Teaching Losing Popularity as Pay Drops

Teacher salary reaching new lows, resulting in less educators


Marching in Richmond to spark conversation about the lack of funding in education and low teacher salaries, teachers from across the state attended the event on Feb. 29.

Carly Herbert, Editor-in-Chief

As more and more students find their way into public schools across the country, fewer teachers are standing in the classrooms to greet them.

According to the Department of Education, there’s a teacher shortage. Not just in Virginia, where nearly all teaching fields are lacking necessary personnel, but across the country.

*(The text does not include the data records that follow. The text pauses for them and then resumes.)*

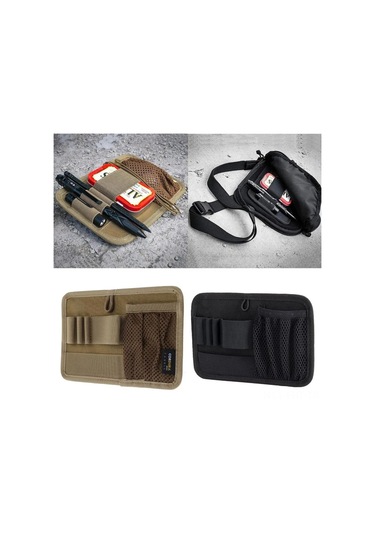 Hangfox Siyah Nilon Taktik Çanta İç Inserti - Modüler Ağızlı Çantalar İçin, El Feneri, Kalem, Anahtar Vb. Küçük Eşyalar İçin Organizatör Panel 19x13cm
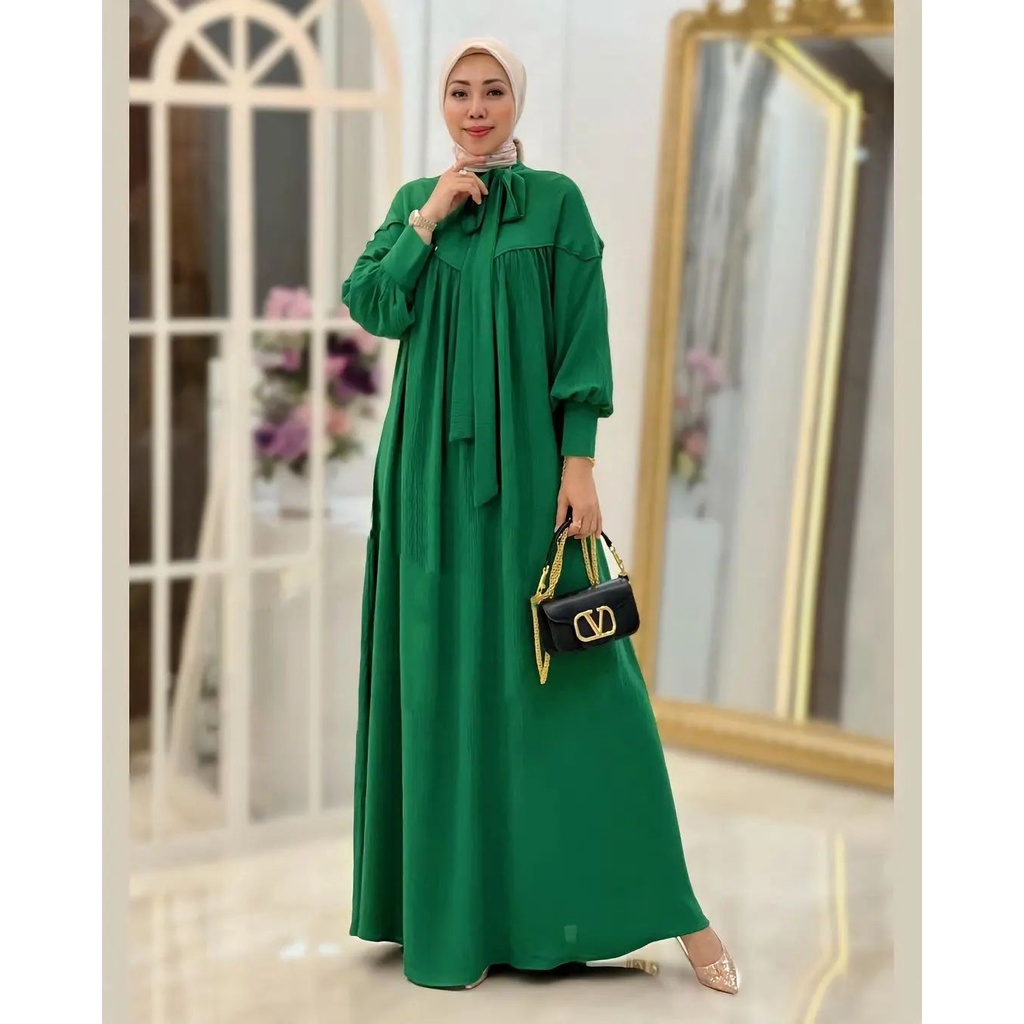 MELODY DRESS BC KAIN CRINKLE LD 110 CM PB 137 CM (BUSUI ) GAMIS CRINKLE WANITA KEKINIAN GAMIS LEBARAN TERBARU 2023 MAXI DRESS MUSLIMAH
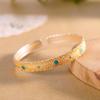Producto de Plata Auténtico: Pulsera de Plata Pura 999.9 Chapada en Oro con Calabaza de Resina Estilo Palacio Filigrana Tejida Moda Brazalete Abierto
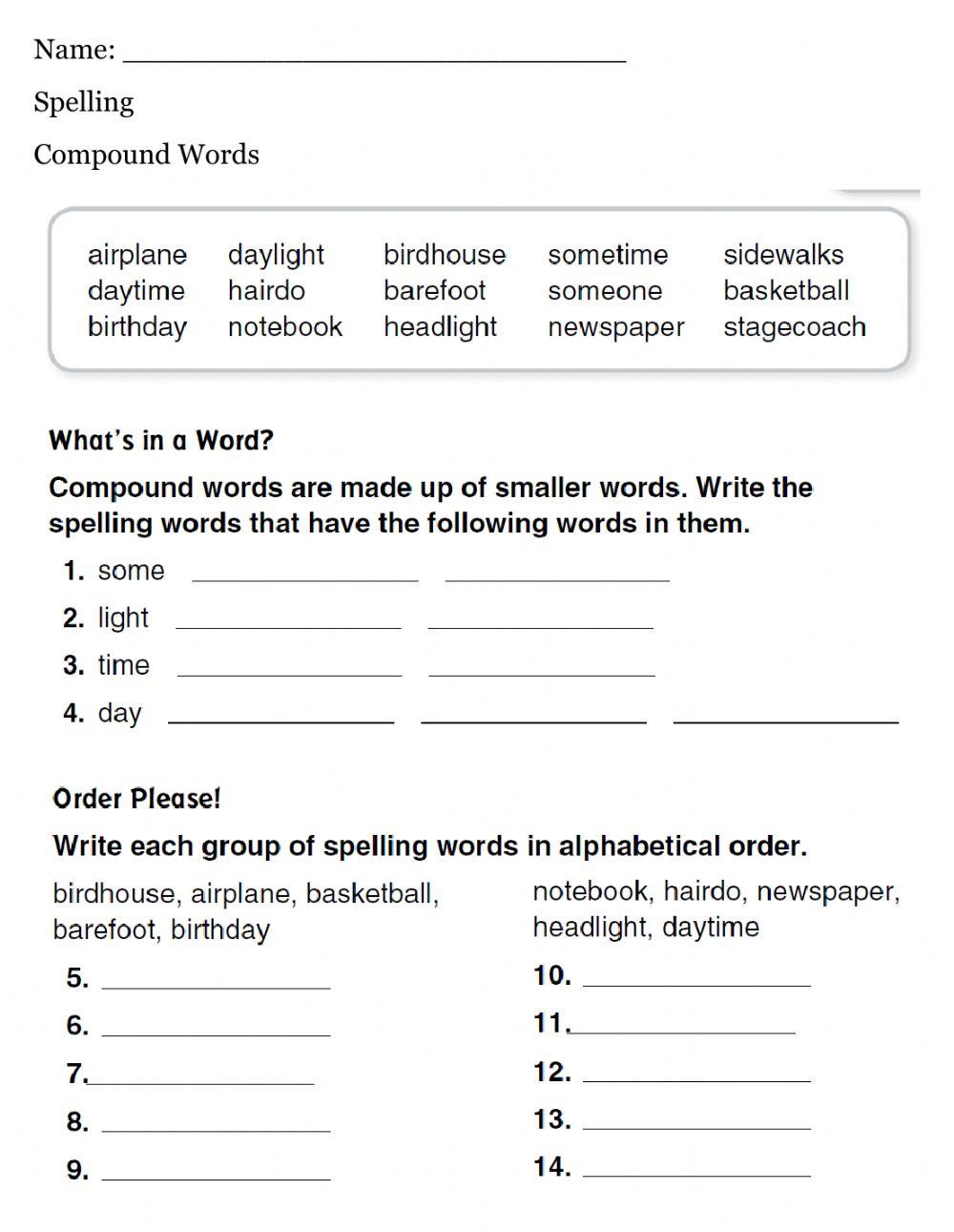 Spelling - Compound Words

The truth is this: teaching, which some would say is one of the most important professions, is becoming less and less popular amongst the college students choosing their majors.

Although the profession used to be a common and popular choice amongst college students choosing majors, that isn’t the case anymore.

Over the past 40 years, the share of female college students majoring in education has shrunk from 32 percent to 11 percent. Overall, education majors are becoming more and more rare because instead of pursuing careers that are intrinsically rewarding, they are following more stable sources of income. Which is understandable seeing how the annual salary for teachers has been dropping for years. Who wants to pay hundreds of thousands of dollars for an education that won’t pay them enough to cover their student loan debts, much less any debt, and the cost of living?

Teachers are earning almost two percent less than they did in 1999 and five percent less than their 2009 pay, according to the Department of Education. Less money means fewer teachers, as they want to be properly compensated for the important work they are doing.

The cost of living in Fauquier County far surpasses the income for teachers in the county and the same can be said for the surrounding counties of Prince William and Fairfax. Expensive lifestyles and low paying careers don’t mix, meaning that our school systems struggle to find willing teachers. With that being said, amongst the three, Fauquier County is the bottom of the barrel in terms of teacher pay. Because of this, it isn’t unusual for our county to lose teachers to higher pay in the surrounding counties, despite many of them having a high cost of living and more expensive houses. Superintendent Dr. David Jeck said he has plans to increase teacher pay in the coming years in order to try and keep teachers in the county.

The number of teachers leaving the profession entirely, for other fields, has grown for each of the past three years, according to data from the U.S. Census Bureau. Many teachers cannot afford to stay in the profession, they have families to support and bills to pay and the work they do in the classroom doesn’t support that.

Even those teachers that aren’t turning away from the field, many are forced into picking up second or third jobs in order to pay bills and support their families. By doing that they are challenged with balancing the task of planning coursework and content while maintaining other jobs after school.

For students, they face the challenge of finding passionate teachers to help them learn and grow. The teachers that stand in front of them are often those who have other incomes in their households or can manage a low salary. Often times, those with a passion for teaching and who would bring the most worthwhile experience to a classroom, are driven away by the lack of money in the field.

Although there has been an increase in talk about the problem of teacher salary, there also needs to be an increase in action. Major attention to the issue has motivated some to take their concerns to the next level and contact those in positions of power.